John Mann MP has welcomed the news that the Financial Conduct Authority (FCA) has forced pay day lender Wonga to write off £220m of customer debts.
Guardian NewsGuardian News
Guardian News

He is now urging the Treasury Select Committee to call Wonga’s senior management to appear before the FCA and explain how they lent so much money to people, who they knew could never afford to repay it.

An investigation by the FCA, showed that Wonga was not taking the necessary steps to ensure that customers could actually repay the money they were being lent.

Following the news, about 330,000 people who were in arrears, have had their loans totalling £220 million, written off and they now owe Wonga nothing.

John Mann MP said “I welcome the latest step by the FCA to crack down on irresponsible pay day lenders and this is a company that has taken advantage of people in dire financial circumstances.”
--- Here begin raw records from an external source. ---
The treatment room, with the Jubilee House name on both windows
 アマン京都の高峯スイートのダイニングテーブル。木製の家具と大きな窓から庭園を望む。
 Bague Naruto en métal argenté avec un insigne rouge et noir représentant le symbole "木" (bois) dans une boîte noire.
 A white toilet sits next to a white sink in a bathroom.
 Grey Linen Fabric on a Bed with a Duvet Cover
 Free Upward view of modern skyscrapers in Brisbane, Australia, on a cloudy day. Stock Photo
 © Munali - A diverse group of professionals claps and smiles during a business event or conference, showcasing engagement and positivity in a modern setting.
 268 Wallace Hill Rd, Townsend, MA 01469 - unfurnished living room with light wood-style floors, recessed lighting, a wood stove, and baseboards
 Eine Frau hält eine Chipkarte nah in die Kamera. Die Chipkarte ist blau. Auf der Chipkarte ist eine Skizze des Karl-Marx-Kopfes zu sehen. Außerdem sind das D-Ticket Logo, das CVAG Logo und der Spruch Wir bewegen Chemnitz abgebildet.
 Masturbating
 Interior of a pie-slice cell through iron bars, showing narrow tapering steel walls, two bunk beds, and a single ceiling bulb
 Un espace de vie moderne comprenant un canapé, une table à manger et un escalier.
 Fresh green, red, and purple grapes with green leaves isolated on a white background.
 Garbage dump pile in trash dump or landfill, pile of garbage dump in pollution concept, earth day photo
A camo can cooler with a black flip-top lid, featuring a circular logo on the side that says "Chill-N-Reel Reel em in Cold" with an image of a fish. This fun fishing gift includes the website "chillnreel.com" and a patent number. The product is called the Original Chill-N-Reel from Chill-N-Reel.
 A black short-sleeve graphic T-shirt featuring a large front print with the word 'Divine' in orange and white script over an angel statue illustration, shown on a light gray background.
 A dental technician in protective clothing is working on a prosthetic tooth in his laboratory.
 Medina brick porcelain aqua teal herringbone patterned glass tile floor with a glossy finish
“Sadly, it comes as no surprise to learn that Wonga knowingly lent money to people who will never be able to afford to repay a loan and it is morally right that they have been forced to write off these loans.”

“I have written to the Chairman of the Treasury Select Committee asking that he summons Wonga’s senior management to appear before the Committee to explain their actions.”

Wonga’s chairman Andy Haste, said a review of how the company was lending money, had shown the need for change at Wonga is “real and urgent”.